See Ide v. Farm Bureau Mut. Ins. Co., 
545 N.W.2d 853
, 858-59 (Iowa 1996); Yegge
v. Integrity Mut. Ins. Co., 
534 N.W.2d 100
, 102 (Iowa 1995); Esicorp, Inc. v. Liberty
Mut. Ins. Co., 
266 F.3d 859
, 862 (8th Cir. 2001) (applying Missouri law). Thus, the
critical question in this case is whether there was some “physical injury” to Al’s
“tangible property.” The Supreme Court of Iowa construes these terms “in their plain,
ordinary and popular sense.” Continental Ins. Co. v. Bones, 
596 N.W.2d 552
, 557
(Iowa 1999) (quotation omitted). If there was covered physical injury to tangible
property, “all damages caused by the [injury], such as lost profits and investments,
would be covered by the policy.” 
Kartridg, 425 N.W.2d at 689
.

       Although the question is not free from doubt, we agree with the district court
that Al’s tangible property, its landscaping materials, did not suffer physical injury.
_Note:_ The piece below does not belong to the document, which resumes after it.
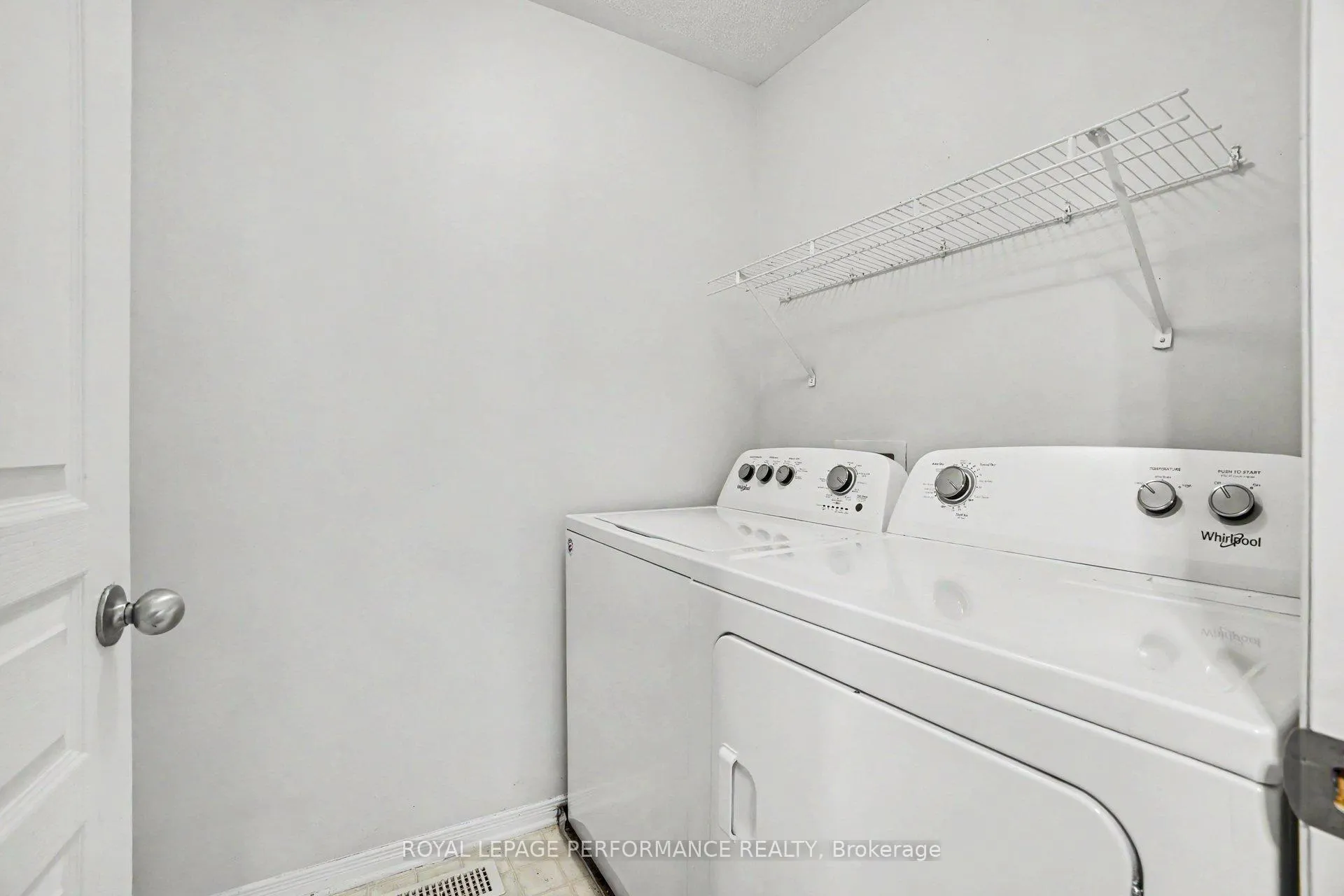 Photo 12 of 122 Rustwood Private, Ottawa, Barrhaven - Stonebridge — HOMEH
Like the parties and the district court, we address this question by examining factually
relevant cases. On the one hand, “the mere incorporation of a defective component
[into a customer’s product] is not ‘property damage’ because it does not result in
‘physical injury.’” 
Esicorp, 266 F.3d at 862
. Thus, simply filling Decker’s defective
bags with Al’s landscaping materials did not cause covered property damage. On the
other hand, when an insured’s customers covered tomato plants with plastic film that
deteriorated, we held that covered property damage occurred when the plants became
“stunted, undersized, sunburned, or waterlogged,” even though the customers’
damages were measured in economic terms such as lost profits. Ferrell v. West Bend
Mut. Ins. Co., 
393 F.3d 786
, 795 (8th Cir. 2005) (applying Wisconsin law).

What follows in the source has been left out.